Okay, Malone era convinto: la faccenda era seria.
«Forse mi riterrai sciocca. Ma, credimi, ho considerato i pro e i contro. Non mi fido al cento per cento di Ivan. Però...»
«Ti serve un po’ di aiuto extra.»
«Qualcosa del genere.»
«Immagino significhi che dobbiamo trovare Sokolov prima che lo trovi Ivan. E Cassiopea sembra essere la via più breve.»
Lei annuì. «Facciamo il gioco dei russi e troviamola. Se Ivan riesce a fermare Tang cammin facendo, buon per noi. Altrimenti mi servirà il tuo aiuto per togliere Sokolov dalle loro grinfie.»
Malone aveva capito la situazione. Anche se Tang avesse vinto assumendo il controllo della Cina, se l’Occidente aveva Sokolov, sarebbe soltanto cambiata la moneta di scambio. «Spero solo che Cassiopea resista fino al nostro arrivo.»
Tang guardava dal vetro dell’elicottero che si alzava in volo nella notte. Scorse qualche lampo di luce tremula dall’edificio della fossa 3 e capì che quanto restava del tesoro di manoscritti di Qin Shi stava bruciando. Bastavano pochi istanti per polverizzare tutti i rettangoli di seta e incenerire il fragile bambù. Quando fosse scattato un allarme, ormai non sarebbe rimasto nulla. La causa? Un cortocircuito, impianto elettrico difettoso, trasformatori mal funzionanti, quello che vi pare. Nulla avrebbe fatto pensare a un incendio doloso. Un altro problema risolto, ancora un po’ di passato estirpato.

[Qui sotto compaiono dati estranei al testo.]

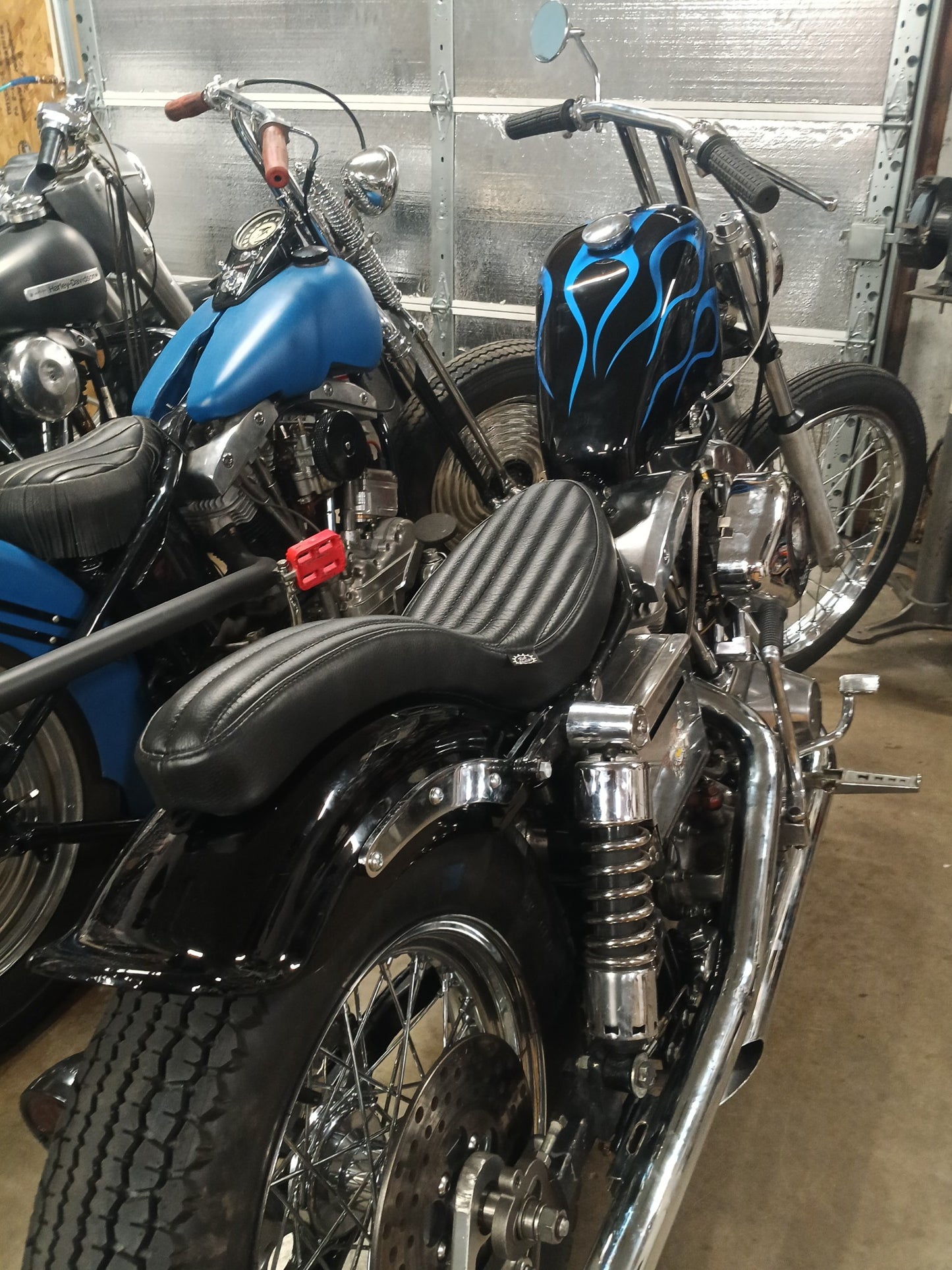 Swing arm chopper cobra seat Black Leather Front to Back Pleates for Panhead and Shovelhead frames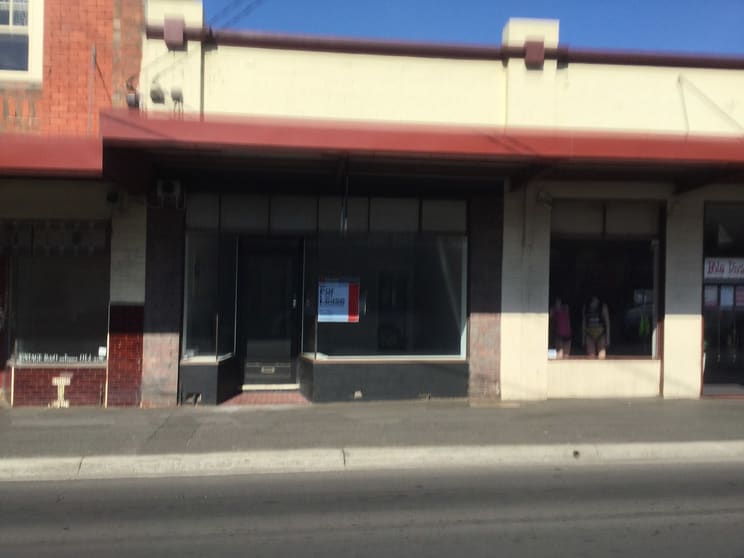 Click to view all images 25 Holmes Road Moonee Ponds VIC 3039 - Image 1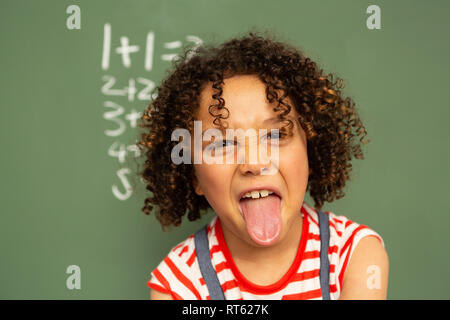 Lycéenne contre permanent conseil vert dans une salle de classe à l'école Banque D'Images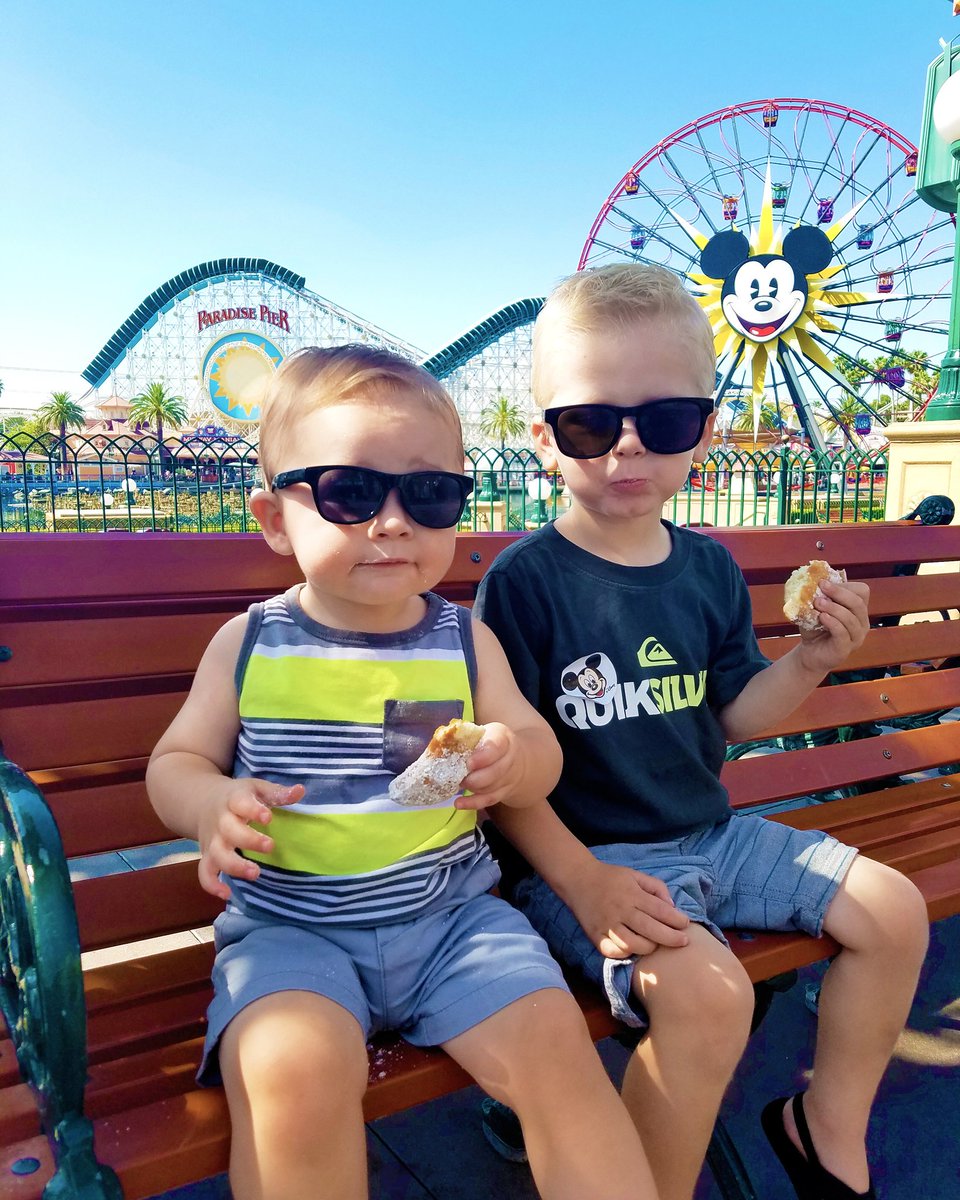 Rad_Disney_'s tweet photo. Can't wait to recreate this photo with #PixarPier in the background! 🎢🎡💙

@DisneylandToday
#Brothers #Disneyland #DisneylandCalifornia #SummerTime #Summer #ParadisePier #PixarPier #WayBackWednesday #ParadisePark #Incredicoaster #California #SouthernCalifornia #DisneyPark #DCA https://t.co/yOH7HrrVWI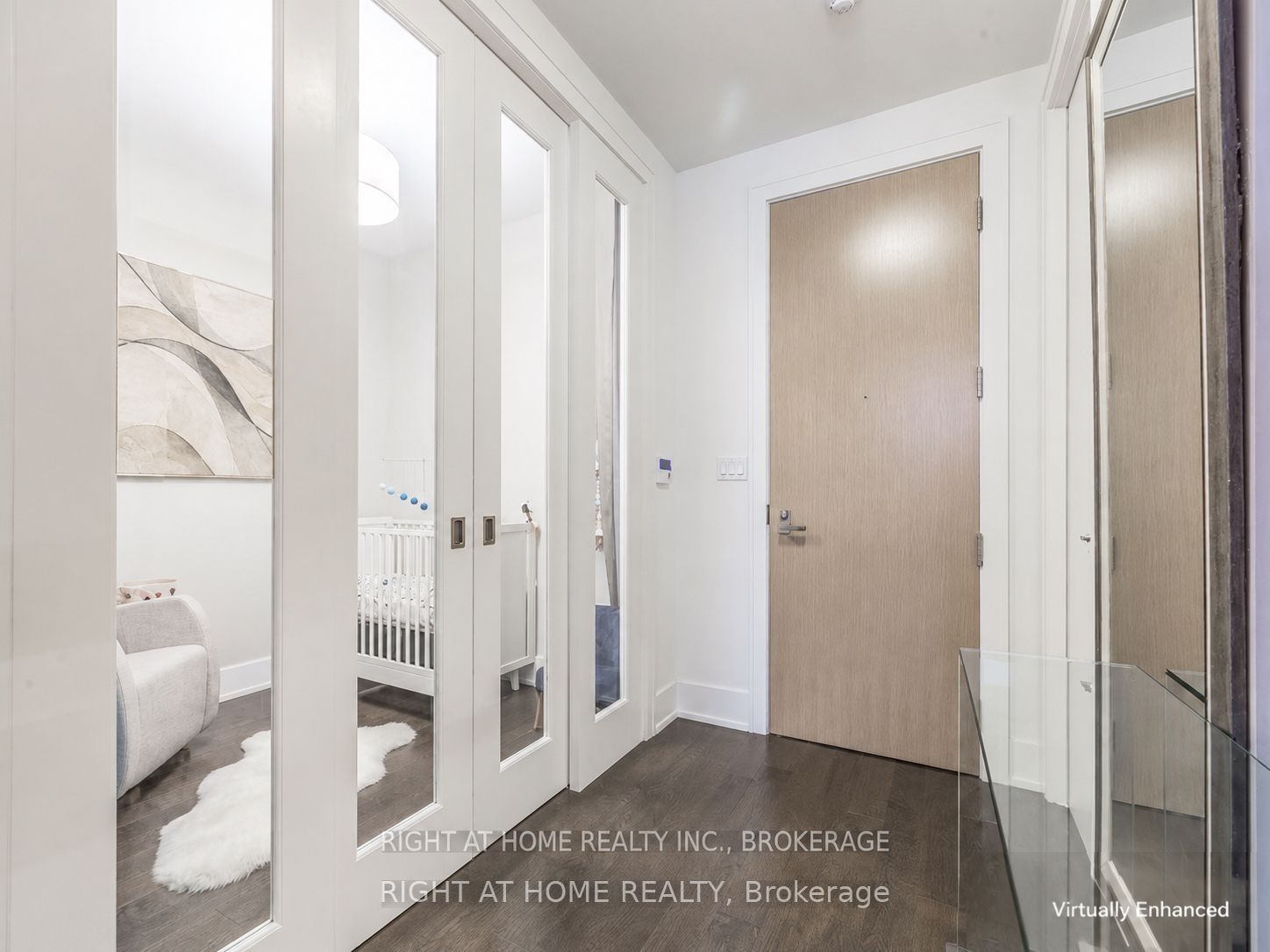 39 Queens Quay E 807 Property Photo 10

Ora lo preoccupava quello che stava accadendo in Belgio.
Il copilota attirò la sua attenzione e accennò a un paio di cuffie lì accanto.
Tang le indossò.
«C’è una chiamata per lei, ministro.»
Attese, poi una voce familiare disse: «È andato tutto bene».
Viktor Tomas dal Belgio. Era ora. «Cassiopea si sta muovendo?» domandò Tang.
«È scappata, proprio come avevo previsto. Comunque è riuscita a mettermi fuori combattimento, prima di andarsene. Mi fa male la testa.»
«Puoi rintracciarla?»
«Solo finché tiene con sé quella pistola. Finora l’impulso inviato dal segnalatore interno funziona.»
«Davvero lungimirante. È stata contenta di vederti?»
«Non particolarmente.»
«Devi sapere che Pau Wen ha un ospite, proprio in questo momento. Ho ordinato un’incursione.»
«Pensavo di avere io il controllo, qui.»
«Cosa può averti dato questa impressione?»
«Non posso assicurare la riuscita, se mi scavalchi. Qui ci sono io, non tu.»
«Ho ordinato un’incursione. Fine del discorso.»
Dopo un istante di silenzio, Viktor disse: «Mi muovo per rintracciare Cassiopea. Quando ci saranno sviluppi, riferirò».
«Non appena avrai la lampada...»
«Non preoccuparti, lo so. Cassiopea non sarà lasciata viva. Ma faccio a modo mio. D’accordo?»
«Come hai detto, tu sei lì e io sono qui. Gestiscila a modo tuo.»